Segment Start: Data below
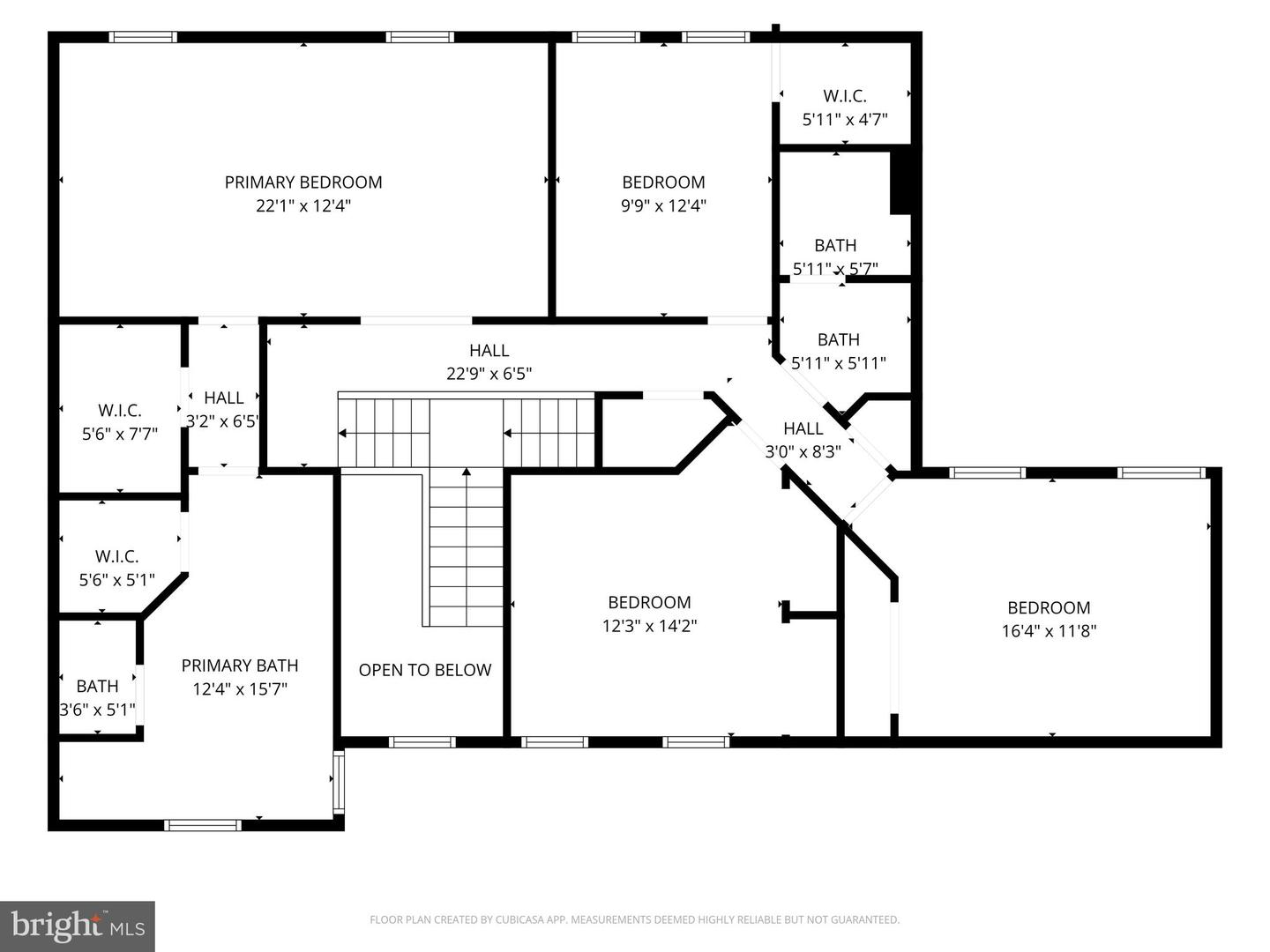 17397 TEDLER CIR, ROUND HILL, Virginia 20141, 5 Bedrooms Bedrooms, ,3 BathroomsBathrooms,Residential,For sale,17397 TEDLER CIR,VALO2111986 MLS # VALO2111986 17397 TEDLER CIR, ROUND HILL, Virginia 20141, 5 Bedrooms Bedrooms, ,3 BathroomsBathrooms,Residential,For sale,17397 TEDLER CIR,VALO2111986 MLS # VALO2111986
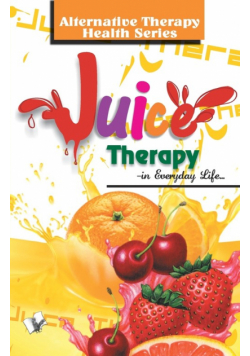 Juice Therapy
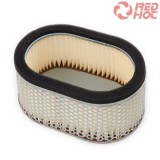 VICMA LÉGSZŰRŐ 8782 SUZUKI GSX-R 600 97-00 / SUZUKI GSX-R 750 96-99 / HFA3705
Segment End: Data below
*Your task*.
Whatever lies between the first line of the data and the line holding "Juice Therapy", inclusive, should be repeated exactly, apart from the pictures.

*Your solution*.
 17397 TEDLER CIR, ROUND HILL, Virginia 20141, 5 Bedrooms Bedrooms, ,3 BathroomsBathrooms,Residential,For sale,17397 TEDLER CIR,VALO2111986 MLS # VALO2111986 17397 TEDLER CIR, ROUND HILL, Virginia 20141, 5 Bedrooms Bedrooms, ,3 BathroomsBathrooms,Residential,For sale,17397 TEDLER CIR,VALO2111986 MLS # VALO2111986
 Juice Therapy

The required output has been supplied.